Crime boss offloading home to avoid prison
A NOTORIOUS gangster is scrambling to sell his home to avoid a further seven years in jail for failing to repay a £1.2million confiscation order.
Last year Tommy Adams, 63, a member of London’s Clerkenwell crime syndicate, was ordered to hand over profits from a moneylaundering racket. The gang’s second-in-command, Tommy used trusted couriers to smuggle hundreds of thousands of pounds in dirty cash up and down Britain.
But the underworld boss was brought down as part of a Scotland Yard operation and is now serving a seven-year jail term for money laundering.
He has paid back £277,613.20, leaving a balance of £965,657.55 plus interest.
At a proceeds of crime hearing last month Adams agreed to sell a property he owns in the capital to help settle the remaining demand and avoid further jail time.
CPS officials say the sale of the home – thought to be in east London – should satisfy a substantial amount of the order.
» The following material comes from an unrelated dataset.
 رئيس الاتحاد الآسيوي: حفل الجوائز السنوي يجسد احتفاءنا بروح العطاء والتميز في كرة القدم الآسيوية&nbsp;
But it will still be up to a judge at a hearing next month to decide whether Adams has to serve an extra seven years if the remainder he owes is not repaid in full.
Previously, detectives described Adams as living a “ghost-like” existence, amid suspicions he had successfully concealed the full scale of his empire. Investigators found Adams lived like a king with lavish holidays, cars and clothes, despite having “no financial footprint”.
Also known as the A-team, the feared Adams family dominated
Britain for more than 30 years, with lesser criminals “franchising” its name for kudos. Adams was in the crime syndicate with brothers Terry, 66, and Patrick, 65.
Last year, an extra £100,000 was added to the sum he must repay after a police bug in a cafe caught him boasting about planning a new home in Cyprus. He was jailed for seven years in 2017 on two counts of conspiracy to transfer criminal property and one count of conspiracy to conceal criminal property.
Patrick is currently serving a nine-year jail term for a shooting.
“Godfather” of the clan, Terry, was locked up for seven years in 2007 after being convicted of money laundering following a £10million police surveillance operation. He was released halfway through his sentence but ordered to pay back nearly £750,000.
David Spencer, at the Centre of Crime Prevention, said: “Tommy Adams’ criminal career has netted him millions. It is quite right the CPS should be going after him for every penny of his ill-gotten gains.”